When you become a fan of someone, you decide that you will give up ever truly knowing them. Now this may work for celebrities. We have no access or connection to really know them beyond the art that they share and anything else that they volunteer to share about themselves, in a unidirectional connection where all we do is consume them (or at best, a binary connection of production and consumption). This consumption is happening within the context of a capitalist society. This consumption...is not a relationship. And most celebrities know this. It does not mean that fans do not adore the celebrities. It does not mean that celebrities are not thankful for and respectful of their fans. This does not mean that celebrities never provide fans joy; they can. (Art can impact us deeply, of course. For example, Black music heals me and saved my life many times.) This does not mean that when a celebrity dies, it does not hurt the fans; it can. But this is not a relationship in the intimate sense of the word.
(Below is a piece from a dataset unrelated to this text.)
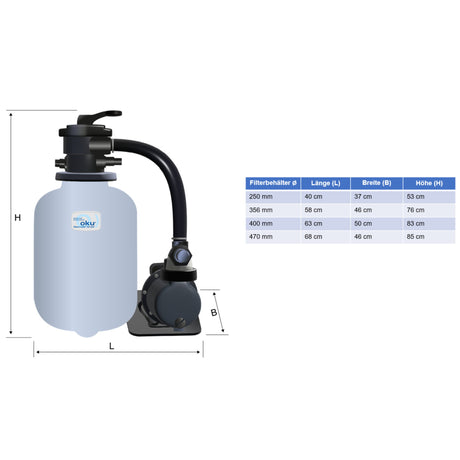 Système de filtration à sable Trinidad avec pompe SPS-50-1 4 m³/h - 250mm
Most fans know that they do not actually have intimate relationships with celebrities. 

Most celebrities have resources to protect themselves from some of the harsh realities of hypervisibility and public consumption. They can spend money on a trip to escape it all. They have security at their homes, studios, and concerts/performances. They have finances for mental health care and health insurance. They have people who can filter their emails and social media accounts so that they do not deal with online abuse all by themselves. They have ample resources to soften the blow of fame. And then for some, they do not care. Maybe they enjoy the fame, even if it includes bad sides. Or maybe they are among the celebrities who actually tell tabloids where they will be (yes, this happens; a former high level employee at National Enquirer said so in a MBA lecture that my BFF attended) because "all publicity is good publicity" to them.  They have ways around things though of course fame can still be horrible in a way that I cannot fathom for them. I can only listen to their accounts of experiencing fame. I see how much worse it is for Black female celebrities versus White male celebrities, for example. I can notice this very real difference that misogynoir causes while still not discounting what White male celebrities experience. Being cognizant of this difference and the severity of what the former experiences matters.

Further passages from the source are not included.